I chose a career whose foundation is jealousy and rejection. As an actor, if you are any good, your peers will envy you, be jealous of your successes, and very often those feelings are manifest in dislike or even hate. No one admits to feeling jealous. I was a talented actor, had a beautiful singing voice, was pretty, and moved very well and with grace. I suffered my share of rejections, but usually when I really wanted a job I got it. I was very blessed. My peers were jealous of me. But I was used to being hated for my gifts. My mother was jealous of me all my life.
But it never occurred to me that my mother was jealous, especially when I was a kid. What did I have that she could possibly be jealous of? I just thought she hated me. And that made for a very contentious and complex relationship-one that was very unsatisfying for me. I don’t know what it was like for my mother, but I cannot imagine that it did anything but damage her even more than she already was, and her relationship with me couldn’t have been fun for her either. It was actually my best friend who, in our early twenties, suggested that my mother didn’t hate me but was jealous of me. I had to think about the suggestion for a very long time before I was able to admit that jealousy could have been at the root of the problems between my mother and me. But I remained perplexed. What did I have that anyone could have been jealous of?
That is not to say that I never felt jealous feelings towards anyone. I did. But never envy. I never wanted anything that someone else had, but I could feel jealous of their success. I never coveted. Well, that’s not entirely true. When I was very young I coveted my mother’s breasts. I suppose that’s normal and that Freud would have something to say about it. But I never wanted her life. I never wanted to be married or have children or do any of the things associated with the idea of “conventional normalcy”. I just wanted to be a working actor. At least that’s what I thought. But that’s another story.

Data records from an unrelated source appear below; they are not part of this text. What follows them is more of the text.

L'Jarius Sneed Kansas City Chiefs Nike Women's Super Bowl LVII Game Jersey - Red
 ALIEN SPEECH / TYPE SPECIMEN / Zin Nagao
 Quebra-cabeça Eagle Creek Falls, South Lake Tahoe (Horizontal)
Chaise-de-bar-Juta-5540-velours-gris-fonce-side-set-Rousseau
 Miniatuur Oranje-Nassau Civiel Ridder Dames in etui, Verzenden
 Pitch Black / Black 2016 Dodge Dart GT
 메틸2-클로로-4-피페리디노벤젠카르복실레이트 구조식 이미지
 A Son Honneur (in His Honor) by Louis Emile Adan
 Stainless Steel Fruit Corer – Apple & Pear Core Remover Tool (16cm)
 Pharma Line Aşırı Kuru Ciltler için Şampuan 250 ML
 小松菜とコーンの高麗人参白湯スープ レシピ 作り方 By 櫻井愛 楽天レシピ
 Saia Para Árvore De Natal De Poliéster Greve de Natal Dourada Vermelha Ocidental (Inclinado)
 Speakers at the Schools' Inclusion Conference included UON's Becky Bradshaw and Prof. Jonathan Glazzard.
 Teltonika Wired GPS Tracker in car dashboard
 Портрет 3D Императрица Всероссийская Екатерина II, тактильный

Jealousy eats at your soul and can devour your humanity. It may not even affect the object of your jealousy at all. The only jealousy directed towards me that actually had an impact on me was that of my mother. The rest of it went largely unnoticed by me as it never occurred to me that anyone had any reason to be jealous of me. I never thought I was anything special, as much as others told me I was. But that’s another story too. As for jealousy-it is a green-eyed monster. And the monster is us.